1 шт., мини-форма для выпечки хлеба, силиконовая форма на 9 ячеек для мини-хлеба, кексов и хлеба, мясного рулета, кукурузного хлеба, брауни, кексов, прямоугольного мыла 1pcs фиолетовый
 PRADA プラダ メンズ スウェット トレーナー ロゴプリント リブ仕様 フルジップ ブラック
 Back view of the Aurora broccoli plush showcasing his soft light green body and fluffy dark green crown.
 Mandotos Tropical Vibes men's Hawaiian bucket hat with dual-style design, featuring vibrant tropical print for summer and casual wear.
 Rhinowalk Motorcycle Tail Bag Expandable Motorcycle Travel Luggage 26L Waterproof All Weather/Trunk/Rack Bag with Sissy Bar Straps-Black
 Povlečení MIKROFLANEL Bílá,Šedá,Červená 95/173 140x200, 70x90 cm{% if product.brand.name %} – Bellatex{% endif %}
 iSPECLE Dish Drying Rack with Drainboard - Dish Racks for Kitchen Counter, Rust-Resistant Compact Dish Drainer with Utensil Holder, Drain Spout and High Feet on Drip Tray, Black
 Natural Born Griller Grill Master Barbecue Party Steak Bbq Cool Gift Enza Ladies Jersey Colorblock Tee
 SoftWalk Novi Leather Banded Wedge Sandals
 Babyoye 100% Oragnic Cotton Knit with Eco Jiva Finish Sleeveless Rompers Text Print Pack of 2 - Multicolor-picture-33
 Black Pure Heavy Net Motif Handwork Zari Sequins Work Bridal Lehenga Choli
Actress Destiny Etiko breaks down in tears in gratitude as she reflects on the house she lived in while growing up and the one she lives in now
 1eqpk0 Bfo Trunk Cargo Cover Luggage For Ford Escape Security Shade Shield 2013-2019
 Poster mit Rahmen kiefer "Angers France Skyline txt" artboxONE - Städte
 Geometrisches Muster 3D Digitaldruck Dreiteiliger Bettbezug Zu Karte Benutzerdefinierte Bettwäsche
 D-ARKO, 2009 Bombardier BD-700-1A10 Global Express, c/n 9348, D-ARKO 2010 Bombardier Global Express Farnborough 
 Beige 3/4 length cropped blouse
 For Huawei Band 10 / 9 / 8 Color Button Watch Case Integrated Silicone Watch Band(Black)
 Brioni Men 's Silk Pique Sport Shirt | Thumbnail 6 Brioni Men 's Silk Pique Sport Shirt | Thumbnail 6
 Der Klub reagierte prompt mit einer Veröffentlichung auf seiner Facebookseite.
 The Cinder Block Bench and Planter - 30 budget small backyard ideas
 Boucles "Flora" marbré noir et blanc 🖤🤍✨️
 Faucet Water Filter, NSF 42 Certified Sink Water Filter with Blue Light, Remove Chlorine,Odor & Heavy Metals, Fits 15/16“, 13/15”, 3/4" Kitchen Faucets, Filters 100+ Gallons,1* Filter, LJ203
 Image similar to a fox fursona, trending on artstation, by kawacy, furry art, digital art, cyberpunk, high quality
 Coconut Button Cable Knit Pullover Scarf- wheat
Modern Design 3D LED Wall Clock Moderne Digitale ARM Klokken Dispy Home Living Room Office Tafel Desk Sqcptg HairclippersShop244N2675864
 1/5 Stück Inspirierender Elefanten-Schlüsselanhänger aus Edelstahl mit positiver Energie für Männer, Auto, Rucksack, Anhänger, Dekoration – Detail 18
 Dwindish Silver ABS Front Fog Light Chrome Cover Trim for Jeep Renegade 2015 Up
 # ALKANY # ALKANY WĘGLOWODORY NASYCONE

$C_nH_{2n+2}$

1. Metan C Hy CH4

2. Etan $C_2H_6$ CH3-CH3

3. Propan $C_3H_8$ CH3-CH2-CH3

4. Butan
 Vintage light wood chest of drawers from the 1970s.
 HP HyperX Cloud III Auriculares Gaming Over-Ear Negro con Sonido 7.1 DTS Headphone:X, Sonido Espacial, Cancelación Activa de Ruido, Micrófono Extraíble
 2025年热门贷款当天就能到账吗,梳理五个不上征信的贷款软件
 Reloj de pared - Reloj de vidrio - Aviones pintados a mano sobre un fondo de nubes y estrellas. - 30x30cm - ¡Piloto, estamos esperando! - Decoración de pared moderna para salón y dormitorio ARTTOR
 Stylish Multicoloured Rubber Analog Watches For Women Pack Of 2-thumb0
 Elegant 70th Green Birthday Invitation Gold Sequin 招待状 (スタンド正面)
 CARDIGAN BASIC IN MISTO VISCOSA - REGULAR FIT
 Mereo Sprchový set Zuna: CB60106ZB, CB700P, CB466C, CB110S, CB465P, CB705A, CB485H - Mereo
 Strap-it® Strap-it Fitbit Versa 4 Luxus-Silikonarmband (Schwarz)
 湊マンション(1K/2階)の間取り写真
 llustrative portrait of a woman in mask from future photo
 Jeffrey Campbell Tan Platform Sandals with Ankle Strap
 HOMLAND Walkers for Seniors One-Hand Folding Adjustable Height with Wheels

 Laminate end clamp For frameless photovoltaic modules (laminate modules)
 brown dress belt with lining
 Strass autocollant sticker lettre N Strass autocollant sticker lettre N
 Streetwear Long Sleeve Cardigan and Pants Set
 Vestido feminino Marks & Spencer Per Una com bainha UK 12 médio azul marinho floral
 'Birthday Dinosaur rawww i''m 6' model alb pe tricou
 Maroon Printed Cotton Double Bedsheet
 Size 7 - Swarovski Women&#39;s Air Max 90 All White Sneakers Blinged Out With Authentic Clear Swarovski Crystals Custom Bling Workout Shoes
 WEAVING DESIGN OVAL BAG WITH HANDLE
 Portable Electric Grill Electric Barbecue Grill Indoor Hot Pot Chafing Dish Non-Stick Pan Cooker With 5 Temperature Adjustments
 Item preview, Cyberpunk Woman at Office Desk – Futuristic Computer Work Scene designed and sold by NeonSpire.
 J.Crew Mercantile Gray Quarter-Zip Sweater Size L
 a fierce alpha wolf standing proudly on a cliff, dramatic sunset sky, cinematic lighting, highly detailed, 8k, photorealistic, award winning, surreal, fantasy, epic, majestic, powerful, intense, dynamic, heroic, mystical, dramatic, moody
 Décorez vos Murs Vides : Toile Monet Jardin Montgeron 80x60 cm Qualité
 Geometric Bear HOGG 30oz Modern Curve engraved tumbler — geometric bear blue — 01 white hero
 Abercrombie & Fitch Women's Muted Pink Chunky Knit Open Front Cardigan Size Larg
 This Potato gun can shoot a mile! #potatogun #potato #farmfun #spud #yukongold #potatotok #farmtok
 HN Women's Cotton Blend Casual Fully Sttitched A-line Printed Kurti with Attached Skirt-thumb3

______

— WHAT YOU NEED TO DO —
For every line of the data above that contains "Button", copy that line.

— YOUR RESPONSE —
 For Huawei Band 10 / 9 / 8 Color Button Watch Case Integrated Silicone Watch Band(Black)
 Coconut Button Cable Knit Pullover Scarf- wheat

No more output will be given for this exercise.